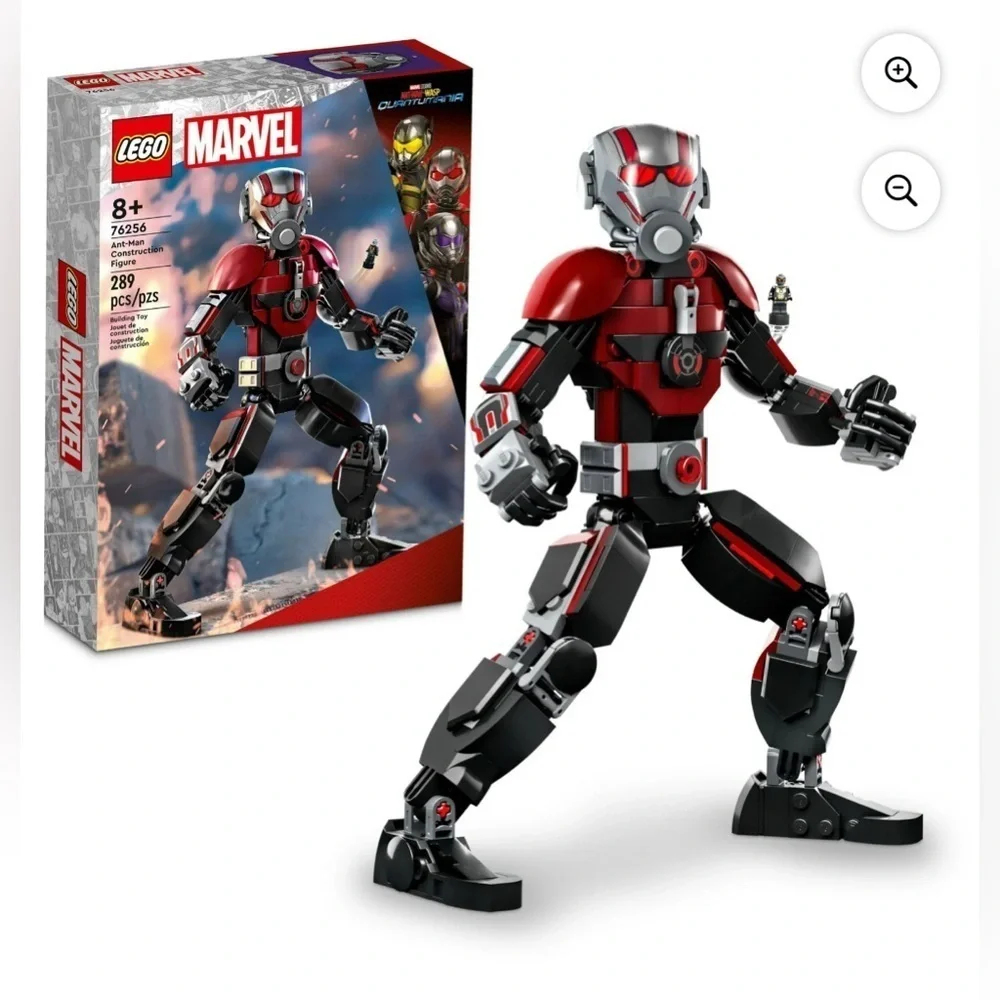 LEGO Marvel Ant-Man Construction Figure 76256 Marvel Toy Action Figure - Picture 2 of 7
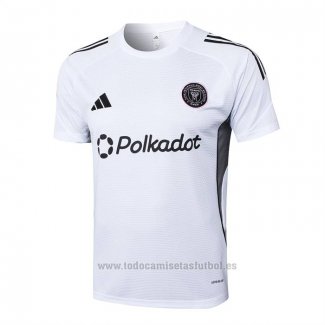 Camiseta de Entrenamiento Inter Miami 2025-2026 Blanco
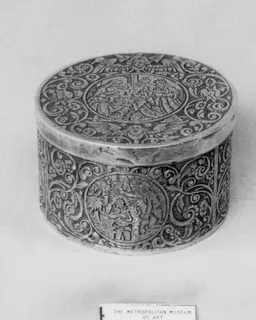 Pyx by Anonymous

> [What the task requires]: Type the lines above out again exactly as they appear, skipping every picture.

> [Result for this exercise]:
 LEGO Marvel Ant-Man Construction Figure 76256 Marvel Toy Action Figure - Picture 2 of 7
 Camiseta de Entrenamiento Inter Miami 2025-2026 Blanco
 Pyx by Anonymous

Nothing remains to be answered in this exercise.